For those who are not familiar with the project, CuPy has several unique features making it an excellent choice for numerical computation. First, CuPy is a drop-in replacement for NumPy and SciPy and used to perform numerical computation on GPUs, thus allowing developers to create, manipulate, and operate on larger n-dimensional arrays faster than they can on CPUs. As a drop-in replacement, CuPy helps users without knowledge of GPU programming accelerate their existing pipelines, while also accommodating more experienced programmers who want to write low-level GPU routines directly in Python. Second, CuPy conveniently integrates with popular Deep Learning frameworks, such as PyTorch and TensorFlow, and allows developers to efficiently deploy new operators, modules, and functions.
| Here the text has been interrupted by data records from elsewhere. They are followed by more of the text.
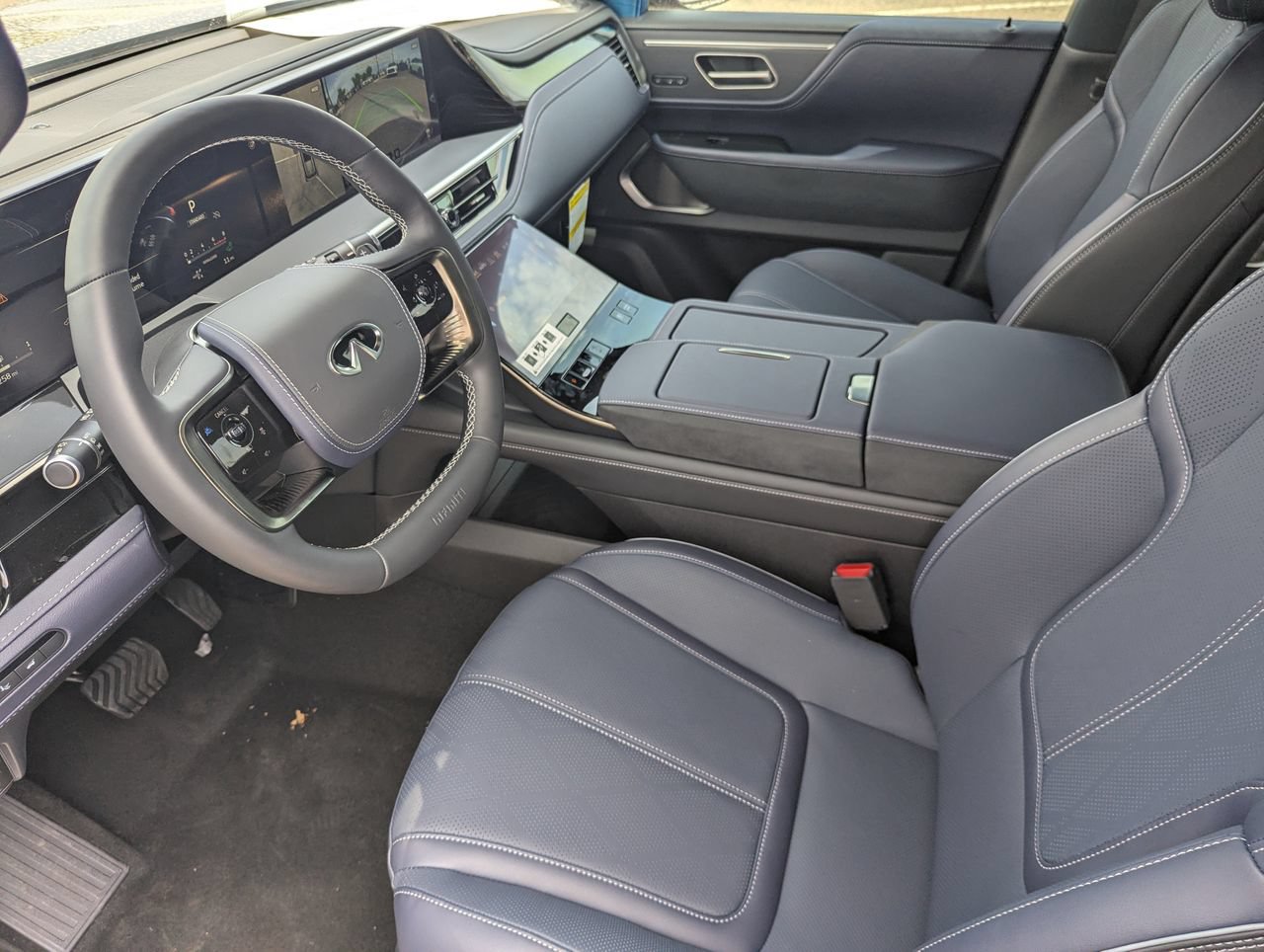 New 2027 INFINITI QX80 Sensory AWD/4WD image 11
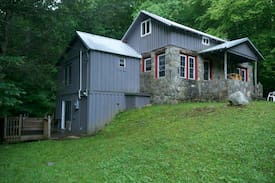 Canton Cabin | Jake's Creekside Cabin in the Smokies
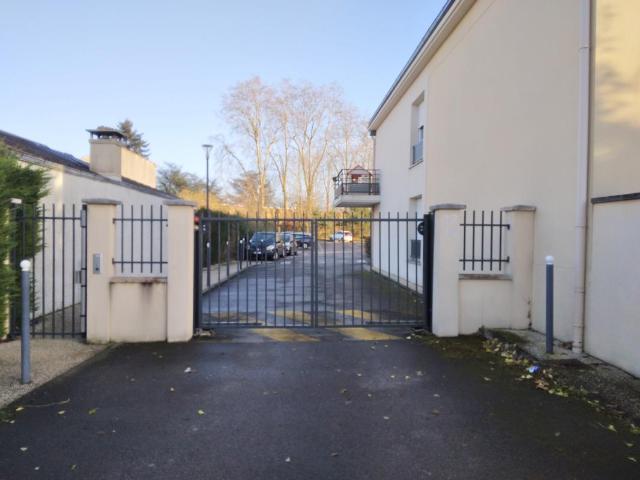 Garage location à Évry, Mennecy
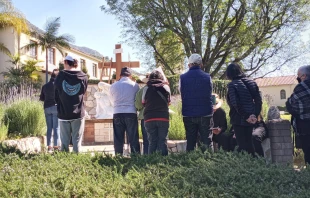 Cristianos reflexionando sobre las estaciones de la cruz en el Centro de Retiro Pasisionista Mater Dolorosa en California, durante la celebración religiosa del Viernes Santo, 7 de abril de 2023. Crédito: Darrel Guilbeau - Shutterstock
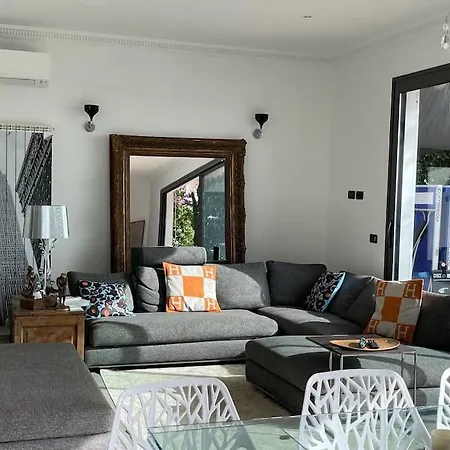Piscine 5' A Pied Village 4ch + Studio Apartment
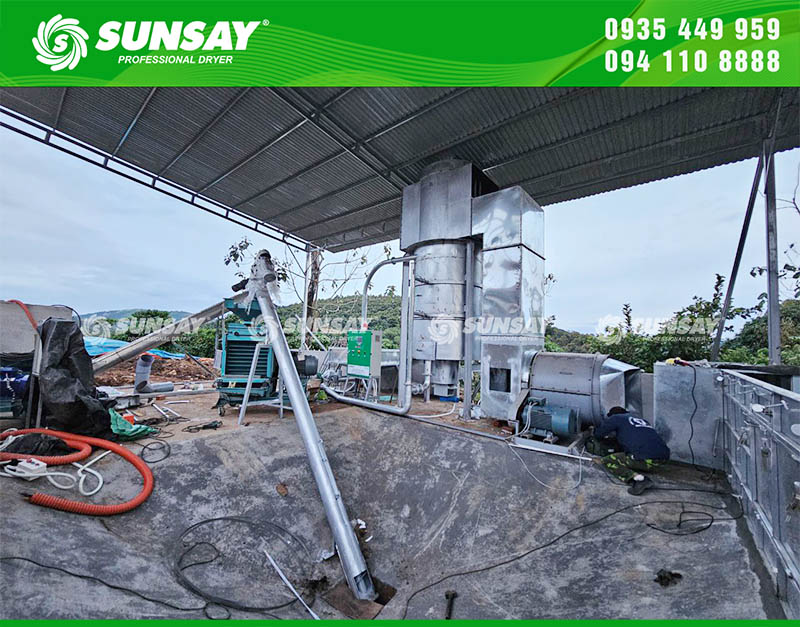 Nhiệt từ lò đốt được truyền gián tiếp vào buồng sấy, đảm bảo quá trình làm khô diễn ra đều, liên tục và giữ nguyên chất lượng hạt cà phê
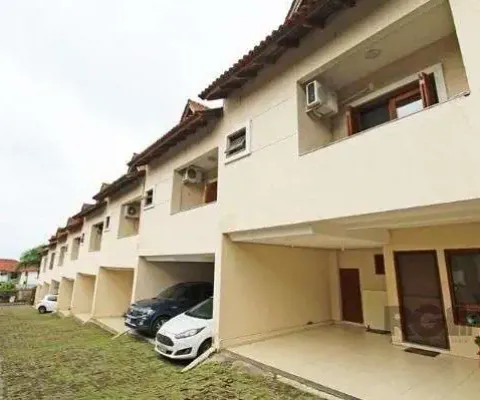 Casa condomínio em porto alegre, no bairro tristeza, com 3 dormitório(s), à venda.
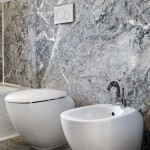Bathroom walls and floor cladding in Grigio Fior di Pesco Carnico, Calacatta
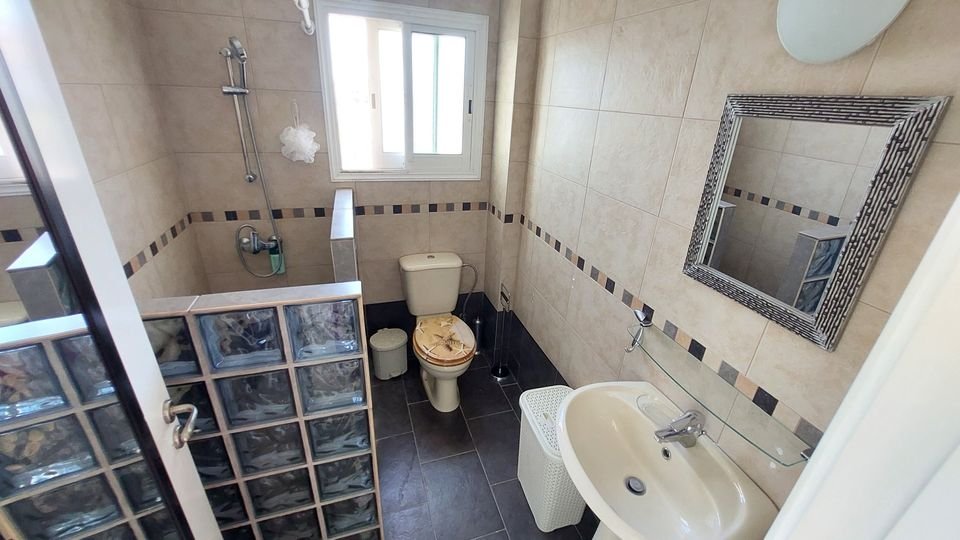 Apartment in Kato Paphos - Image 3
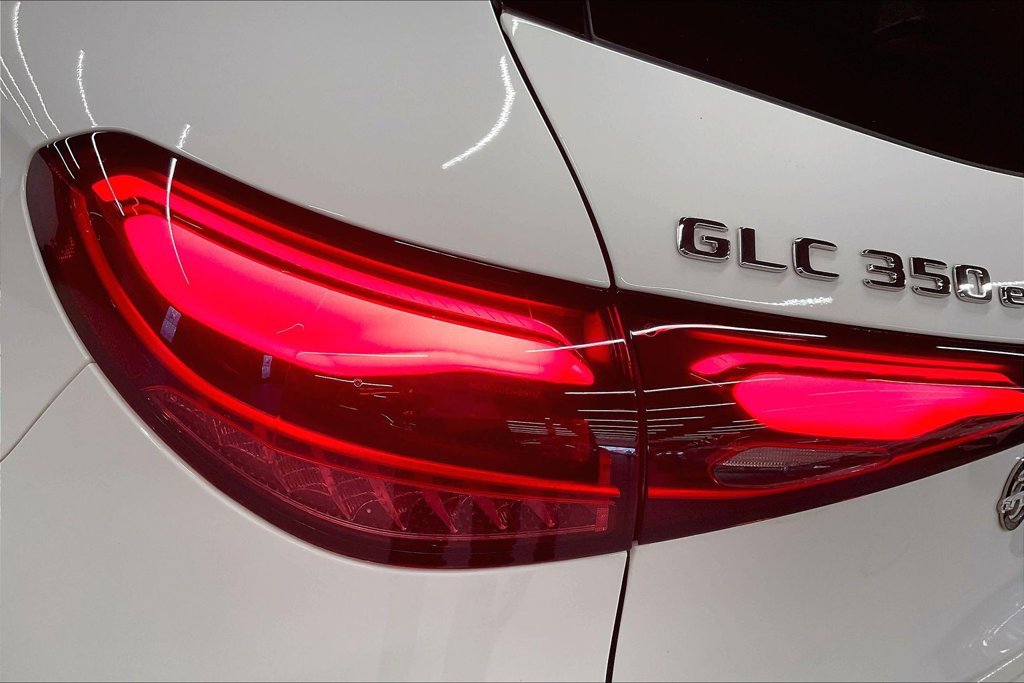 Certified 2025 Mercedes-Benz GLC 350e 4MATIC image 24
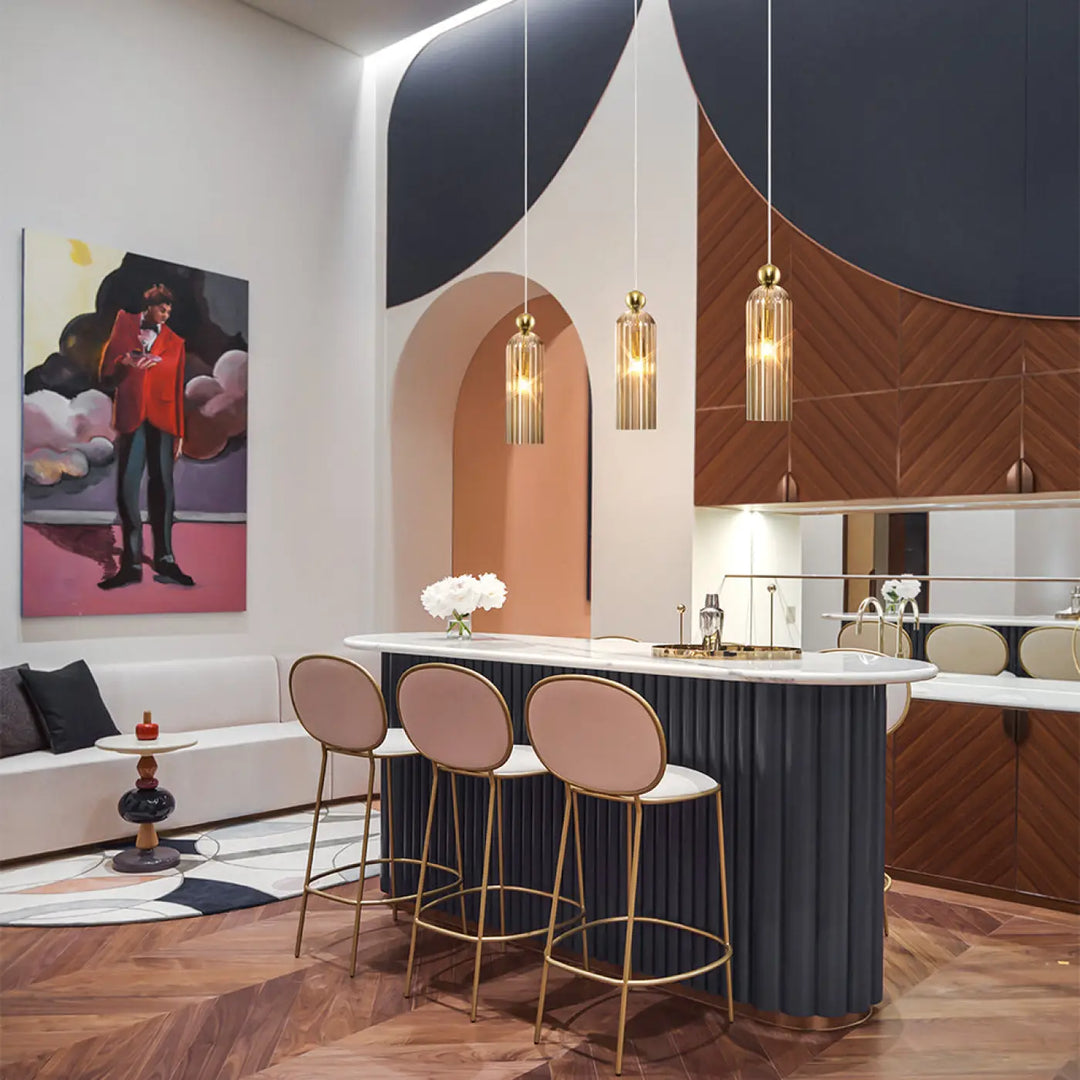 Suspension luminaire antic avec monture dorée et abat-jour étroit en verre strié suspendue au-dessus d’un bar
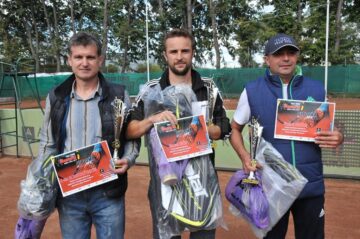 Laureații de la categoria Principală Constantin Aconstantinesei, Marius Onciu și Stelică Airinei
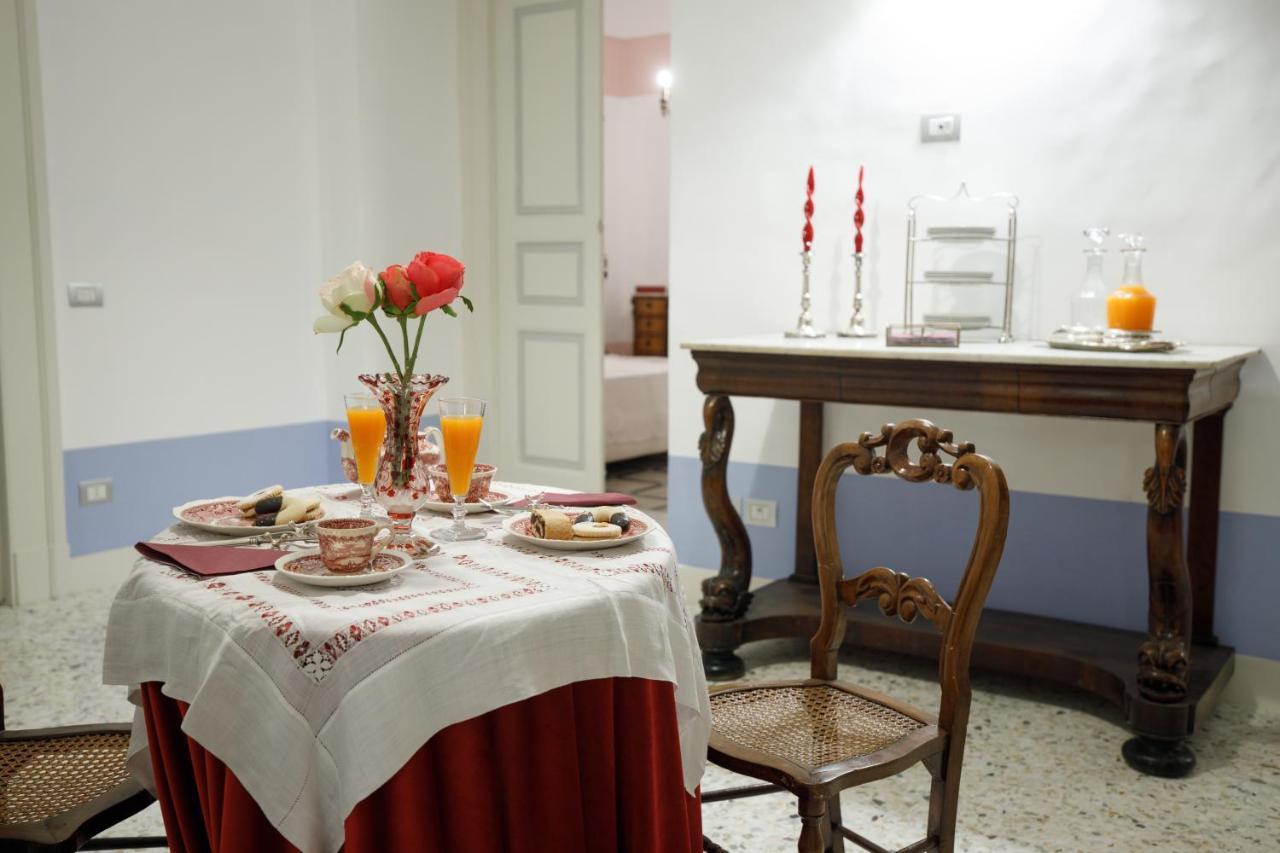 Palazzo Introna Bed & Breakfast Mola di Bari Exterior photo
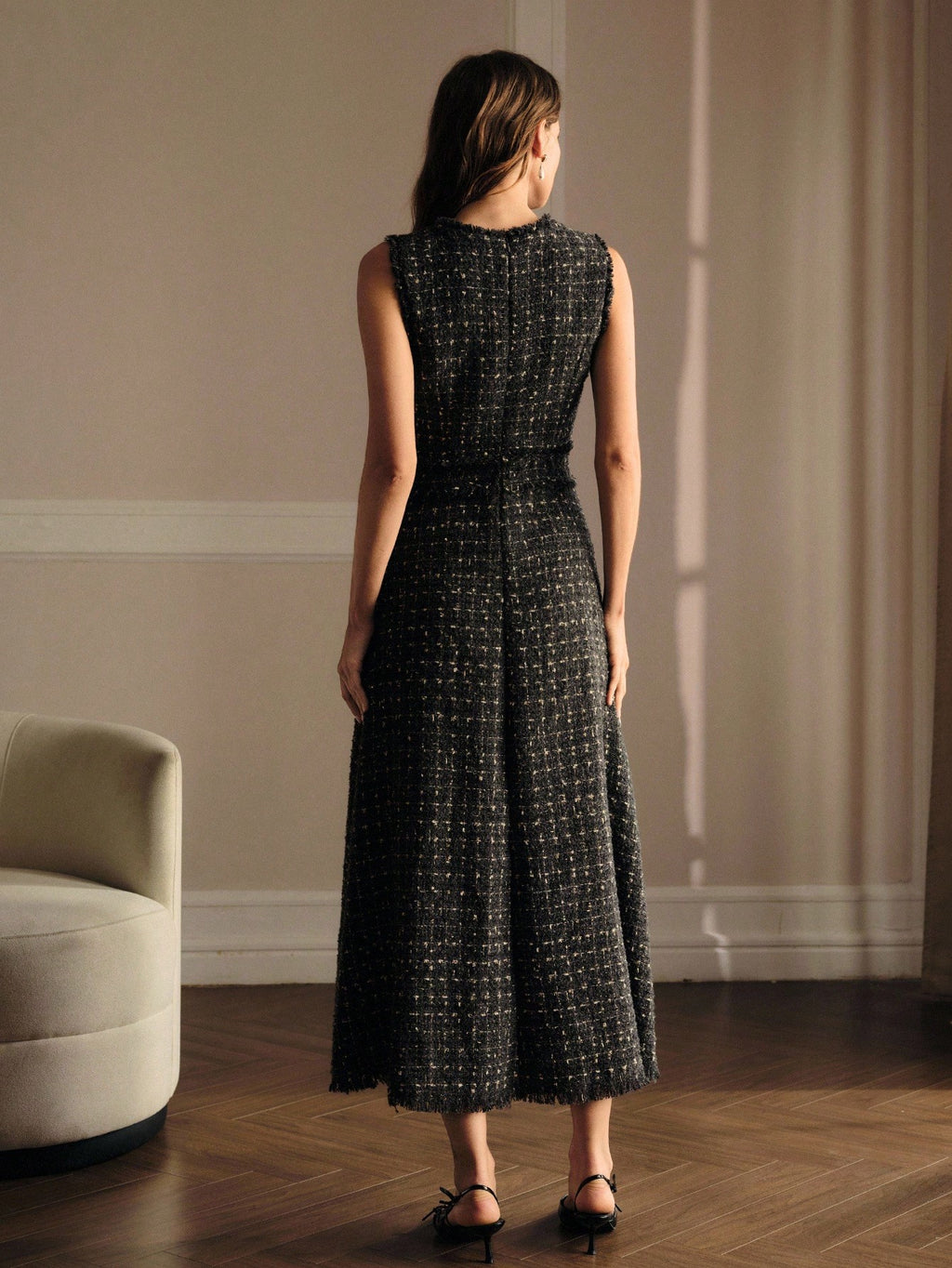 <a href="https://beryn-boutique.com/dress">
<img src="xxx.jpg" alt=<"LUXURY DRESS PREMIUM TWEED  TRIM SLEEVELESS  CLASSY DRESS FOR WOMEN">
</a>
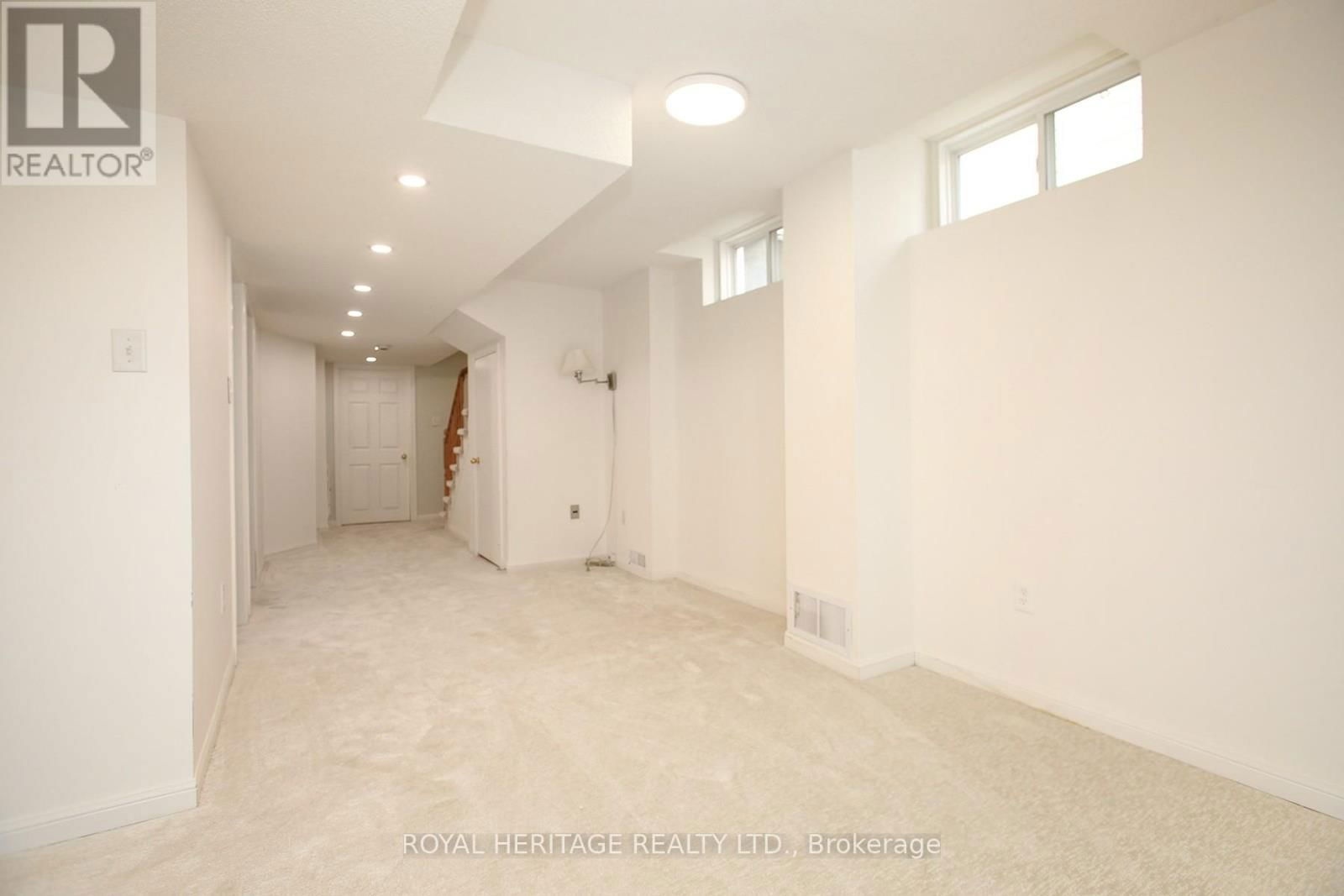 70 LONGUEUIL PLACE Image 23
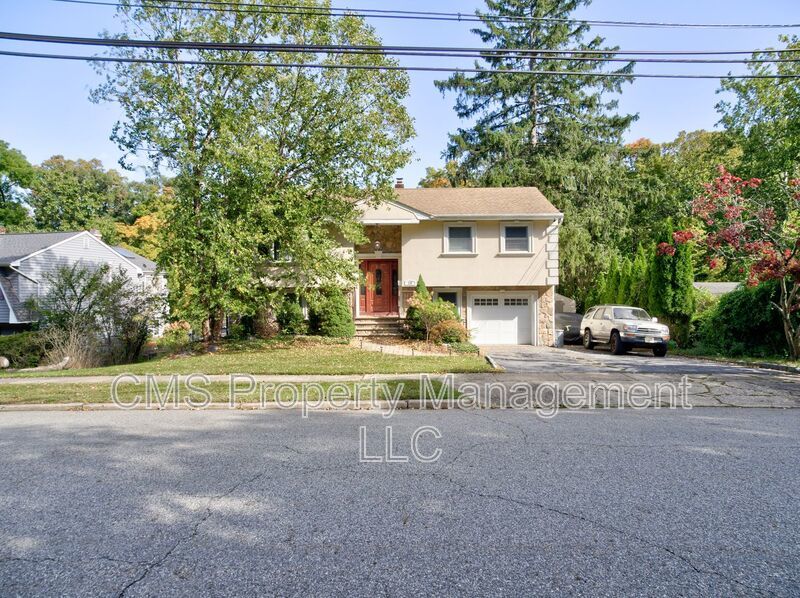 128 Reeve Ave property image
And lastly, CuPy is flexible with respect to the hardware used, allowing kernel execution not just on NVIDIA GPUs (via CUDA), but also on AMD GPUs. Support for AMD GPUs is thanks to the HIP integration effort pushed during the past year, thus making CuPy a universal, vendor-free library that can be used regardless of the GPU accelerator available.
Over the past few years, CuPy's compatibility with NumPy has improved to the point that most commonplace and popular APIs are now available, including n-dimensional array creation, operation, and manipulation, linear algebra, fast Fourier transforms (FFTs), and statistics. Given the great progress in replicating the NumPy API on GPU, the next step was to port the extensive SciPy API to support GPUs, as well. This has led to several improvements, such as sparse array support and spatial computation.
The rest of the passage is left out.